Both Jack's investors elected to move on. They were maturing in age and scrutinizing their portfolios. Progress with Ace had not come fast enough, and they were uncertain about the viability of the new concept. They declined to invest in re-opening the business and walked away. Having dodged bullets on Iwo Jima several decades before, Jack decided his present situation wasn't the worst he'd faced. He determined to beat cancer, bring his company out of the ashes, and make it the best hardware store in Beaumont!
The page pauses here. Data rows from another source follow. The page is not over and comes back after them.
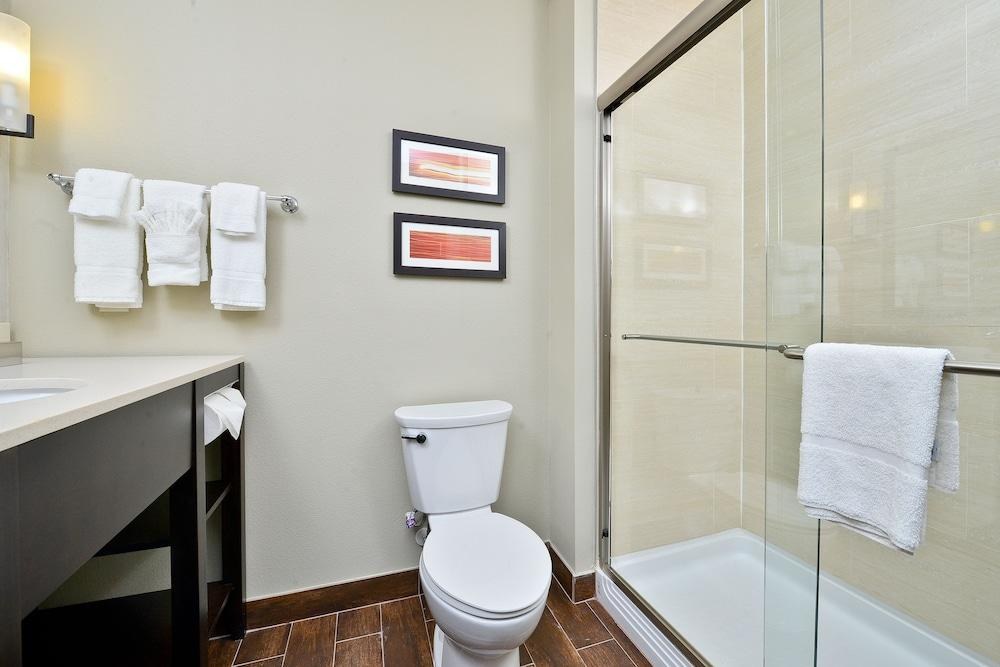 Comfort Suites near Westchase on Beltway 8 photo 2
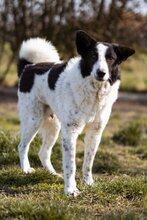THOR, Hund, Mischlingshund in Kroatien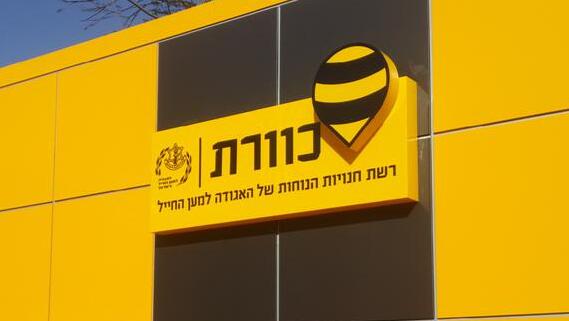 חיסול רווחי השקמיות הסתבך, המנכ"ל והסמנכ"לים התפטרו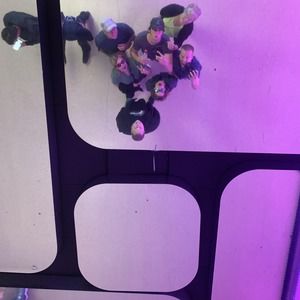 Meet your Posher, Carter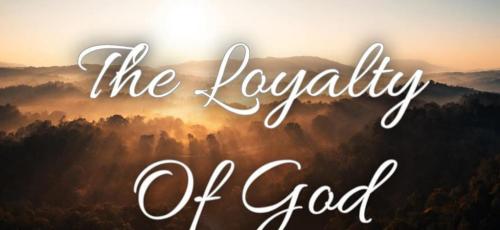 5f60bc2b-76ad-4aa2-828d-c331ce3d1b15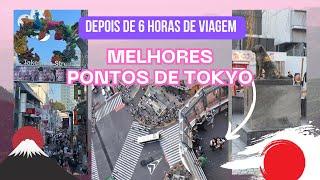 Viagem de carro para TokyoMelhores pontos turísticos de Tokyo sem gastar muito!!  #viagem #tokyo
Between chemotherapy treatments, Jack hit the streets looking for a lender. His initial efforts proved unsuccessful; then his fortune changed. A favorable medical report that his cancer was in remission and a call from a kind-hearted local banker helped him secure a SBA loan. Things looked hopeful. But shortly before M&D Supply's grand re-opening eight months later, Jack learned his cancer was back with a vengeance, the tumor inoperable. He sat in his 71 ' F-150 with his head in his hands. Bad things were happening. If the doctors were right his time was short. Should he liquidate? Sell to Harry? Sell to the owner of the local True Value? Or could he position the business to survive beyond his earthly existence, as a family legacy? His fondest wish was to leave a thriving business to pass on to his son. But how could he do it?